I am running a dataflow that I last ran a few months ago. From the same client, with same dataflow version (0.7.0dev0). Unfortunately it fails in mysterious ways that it did not do before.
I am starting the job, and the first stage is:
(8733429d016bc2fb): Executing operation read from datastore/Split Query+read from datastore/GroupByKey/Reify+read from datastore/GroupByKey/Write
But it gives the following error after 1 hour:
(e88cb3c076926976): Workflow failed. Causes: (e88cb3c07692626f): The Dataflow appears to be stuck. Please reach out to the Dataflow team at http://stackoverflow.com/questions/tagged/google-cloud-dataflow.

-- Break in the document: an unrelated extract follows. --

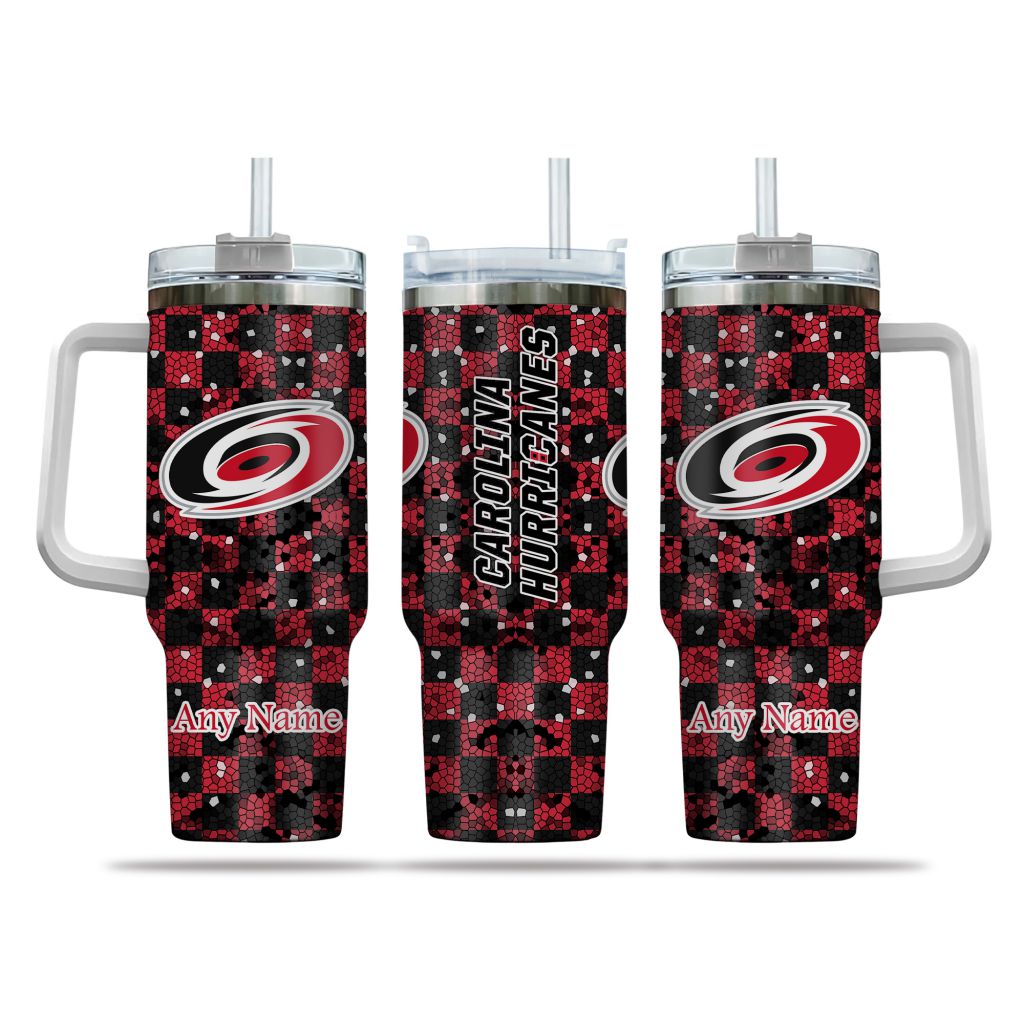 NHL Carolina Hurricanes Stained Glass Effect Custom Stanley Quencher 40oz Stainless Steel Tumbler With Handle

if would help, JobID is 2017-08-21_00_30_03-3588685705436948852. I would upgrade to a newer version of the library, but that involves a bunch more API changes and figuring out how to get all the pieces working again. So I'm working at it now. I was hoping that "a simple use case that previously worked and currently fails" might be easier to debug than changing even-more-things.
I'm not sure how to debug or investigate further. It worked a few months ago with the same code, but doesn't work now (with a 4-5x larger dataset, of 200-300K records, nothing crazy...)
This was fixed by upgrading to 2.0.0 (thanks Ben Chambers!) It seems that 0.7.0 no longer worked well with cloud dataflow.